Yeah the more and more research i did the more i was leaning towards dropping the rack. Quick question though? you guys do the install without a lift or pit? Just wondering how high the car has to be


----------



## svede1212 (Nov 1, 2005)

the higher the better but i did it on jack stands


----------



## 04torridm6 (Oct 25, 2008)

Just wanted to add something here. Ordered my headers almost three weeks ago and i still am probebly gonna have another week to week and a half till i see a box at my porch. This blows. ohh well i guess thats the trade for finding a good deal


----------



## ricekiller848 (Oct 24, 2007)

svede1212 said:


> the higher the better but i did it on jack stands


If you dont mind me asking, How long did it take you? What kind did you get? Was there anything to look out for?


----------



## svede1212 (Nov 1, 2005)

ricekiller848 said:


> If you dont mind me asking, How long did it take you? What kind did you get?
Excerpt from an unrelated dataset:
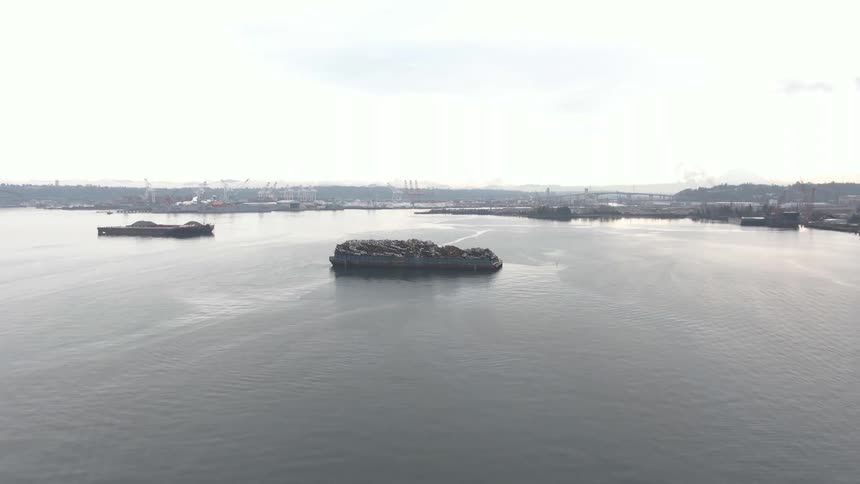 Barges are docked by the factory on the shore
Was there anything to look out for?


it took me a whole weekend. i remember going out Saturday night all depressed because my beautiful, practically new car was in pieces and thinking i was going to have to call a flat bed and have someone try to straighten it out. the next morning after the hangover passed  i went back out and tackled it again. a fresh look at it helped me see what to do and i had a huge grin when i fired it up that night. arty:

it probably isn't that bad but i had two issues. one was it was hard putting the driver's side in from the top. if i had to do it again i'd get the sucker up in the air higher and do it from the bottom. i ended up unbolting one engine mount and jacking up the engine a little. the other thing i did was to break off the engine temp sensor that's up in the front on the driver's side. the car worked without it (apparently there are two as it still read temps). a trip to the auto store got a new one fairly cheaply. the other issue was a friend told me he didn't have to undo the power steering lines. i tried that and besides wasting a bunch of time, when i finally undid the lines and got the headers in the lines were now bent. they're stainless and very stiff. it made it extremely hard to get the lines lined back up again. i suggest you don't do as i did and unhook them to start with. it wasn't that bad. 
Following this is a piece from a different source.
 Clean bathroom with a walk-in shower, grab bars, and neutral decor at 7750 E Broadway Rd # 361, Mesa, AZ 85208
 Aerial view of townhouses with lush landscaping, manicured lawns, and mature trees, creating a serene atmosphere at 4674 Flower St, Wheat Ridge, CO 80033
don't be discouraged by my comments tho. i'm starting to move a little slower than i used to when i was young and it probably takes me twice as long as anybody else to do most things.


----------



## REDGTO89 (Jul 19, 2008)

took my about 7 hours on a saturday with my buddy... couldn't get the old oxygen sensors out so had to wait till monday to get parts it really sucked


----------



## bluebyeu05 (Mar 14, 2006)

it took me and a friend of mine about 4hours and that was taking our time and bsing.


----------



## millertime034 (Aug 24, 2008)

How do the slp's headers sound? and what catback are you guys running with them. I'm debating the slp or the kooks. I've heard really good things about kooks not too much about the slp though they've always been in the back of my mind.


----------



## 04torridm6 (Oct 25, 2008)

The sound is different from kooks or american racing. I guess the real difference is that they are technically mid length header so you lose a few HP. And the fit and finish is rumored to leave a bit to be desired. But the perks are that they are coated already and they are less expensive and the sound isnt as raspy as full length headers with a car that isnt cammed. I would honestly say consult youtube and listen to both and all kinds of catbacks matched with each. You will be able to make the choice that is always personal preference. I wanted SLP because the mid length header sounds better with my SLP LM1 catback. Although i will be poppin and crackin under 2500 rpm


----------



## jsmith564 (Sep 12, 2008)

04torridm6 said:


> Although i will be poppin and crackin under 2500 rpm



:agreetell me about it... i got used to it after a while.. when i complained to a friend that was ridding, he told me that he loves it and did'nt give a sh*t what anyone else thought.. i adopted that feeling


----------



## GTO_06 (Sep 12, 2009)

i got the slp exhaust with the headers and i love how it sounds


----------